What you need to know about public safety in China

|CGTN|Published:2018-02-11 14:38:03


By CGTN's The Point

“I’ve lived in China for 7 years, and it's only now that I understand how important safety is,” said Quentin Albert, owner of a social media video channel called Xinshidandan, in a video he posted right after last October's mass shooting in Las Vegas.

Quentin is originally from Paris and mentioned that, while he loves France, he still feels scared in dark places at night, worrying that his wallet might be stolen or he may get attacked.

“But in China, it is very different. No matter how late you are at the streets, when you meet people, they are only friendly people. They will invite you to join them, eating or dancing…” Quentin said. He attributes this safe atmosphere in China to the people’s “healthy state of mind, more happy and sharing,” something he thinks may have been lost in Europe.

In the 2018 Travel Risk Map, which was released late last year, China's travel security risk received a “low" rating, placing it behind only Northern European countries, such as Iceland and Norway. Also, China received more than 60 million tourists in 2017, according to the World Tourism Organization of the United Nations, becoming the 4th most visited country for tourism in the world.

With a huge population of 1.3 billion, how is China such a safe country?

Liu Yunyun, Assistant Editor and Chief Commentator of the weekly Beijing Review periodical, offered an answer that is both institutional and cultural.

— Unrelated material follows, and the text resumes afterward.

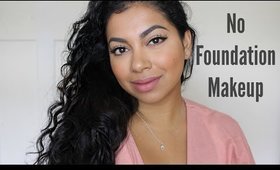 No Foundation Makeup Tutorial | MissBeautyAdikt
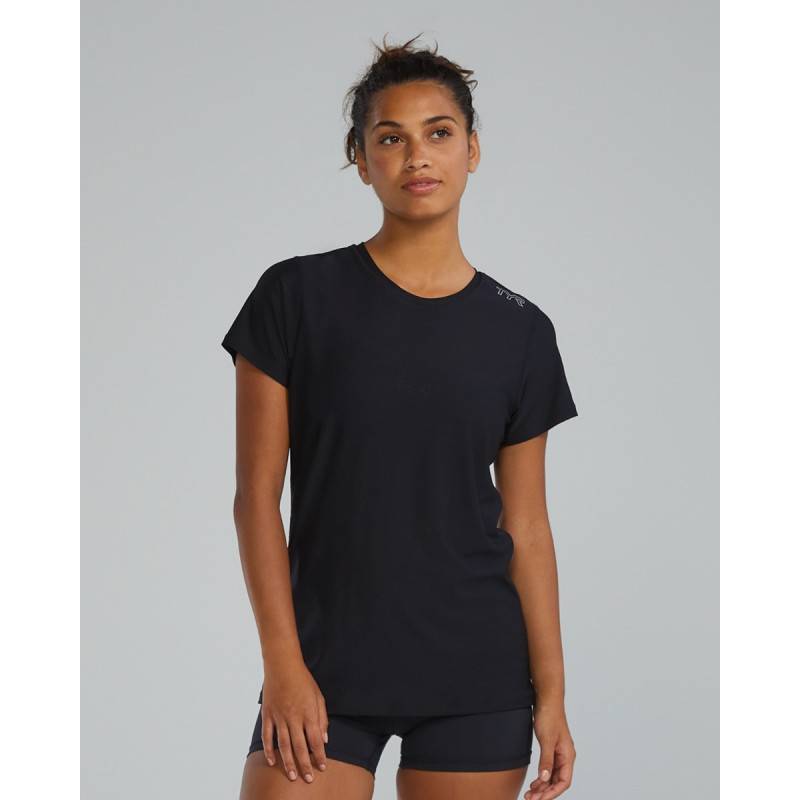 TYR Airtec™ tričko da donna - nero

She prioritized the country's strict gun control, arguing that, with their bare hands, people can only go so far. Surveillance cameras also play a vital role in helping police catch criminals. She also mentioned China’s comprehensive social safety network with policemen, urban management officials, and also special neighborhood watches organized among elderly people who are retired and have the time to help monitor their community.

Liu Yunyun also pointed out that Confucianism also plays a significant role in the mindset and behavior of Chinese people. Nurtured by the “golden mean: Never be too aggressive nor too cowardly” and traumatized by war, Chinese people have become more drawn to safety and peace.